Estamos nos anos 2000, em Porto Alegre, Brasil. Joaquim tem 24 anos, não tem mãe, não sabe do pai e cuida de uma avó com demência. Como homem negro, tem na entrada na universidade um desafio acrescido: trinta e duas perguntas que tentam confirmar se é, de facto, uma pessoa negra.
De Onde Eles Vêm, de Jeferson Tenório, acabado de chegar às livrarias, é um romance sobre as dores de crescimento escrito com a leveza só possível àqueles que sabem que têm de matar um leão por dia.
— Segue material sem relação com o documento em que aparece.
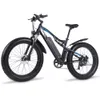 Vélo électrique gras pneu vélo ebike 1000w vélo de montagne 17h adulte 40 km / h vélo shimano 7 vitesses eu shengmilo mx03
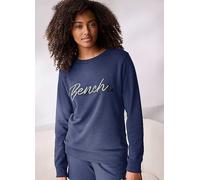 Bench. Loungewear Logo Print Sweatshirt Navy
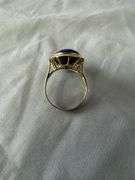Oval lapis ring; 13227-009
O escritor Jeferson Tenório, de 48 anos, conta-nos assim, pela voz de Joaquim (num estilo despojado e praticamente auto-ficção), como foram os primeiros anos de quotas raciais nas universidades brasileiras - aquilo a que, numa entrevista à TV Cultura, chamou de "revolução silenciosa".
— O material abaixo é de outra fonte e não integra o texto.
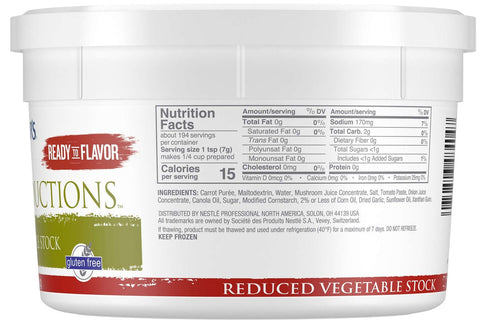 Minors Classical Reductions Vegetable Stock, 3 Pound Tub -- 4 per case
Conta-nos Joaquim: "Entrei pelo sistema de cotas raciais na universidade aos vinte e quatro anos, e tudo o que posso dizer é que quase fui vencido pela burocracia. (...) Ao chegar ao local onde eram feitas as matrículas, fui recebido por uma secretária que só sabia repetir todo um jargão burocrático. Ela conferia minha documentação como se tivesse o poder de decidir quem entra e quem não entra na universidade."
As dificuldades de Joaquim no mundo académico não são os livros, o estudo ou os exames. A maior dificuldade é aquilo que sabe que os outros pensam dele. Quando aceita boleia da mãe de uma colega que fuma maconha, a namorada lembra-o de que se tivessem sido parados pela polícia seria ele a ser interrogado como culpado. Quando fala em público e se sente a falhar, não é ter falhado que o entristece: "Me sentia culpado porque pensava que agora poderiam confirmar o que pensavam de mim."
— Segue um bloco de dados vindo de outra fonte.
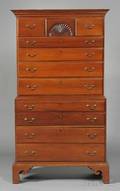 Chippendale Carved Cherry Chestonchest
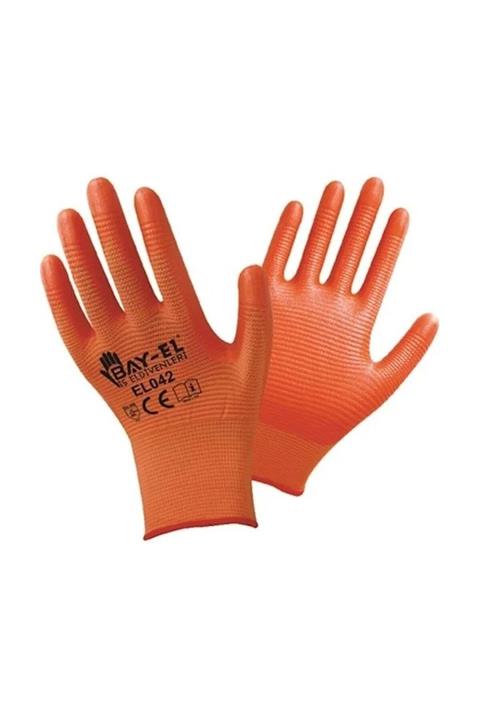 ultrasepet Bay-el Inşaat Eldiveni Zebra Turuncu No:10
Nos regressos a casa, nada o deixa esquecer-se do que o separa dos outros estudantes. "No ônubus suado, com cheiro de gente, apinhado de trabalhadores que rumavam para suas casas, entendi que aquele microcosmo caótico era o cenário que eu tinha. Há de haver alguma beleza nessa vida fodida de merda, pensei. Fechei os olhos. Eu era um idiota tateando no escuro em busca de beleza num ônibus fedido e lotado a caminho de Alvorada."
O esforço de Joaquim é real: "Desci duas paradas antes da minha. Precisava me recuperar. (...) Eu tinha de chegar inteiro em casa porque a minha avó precisava do melhor de mim."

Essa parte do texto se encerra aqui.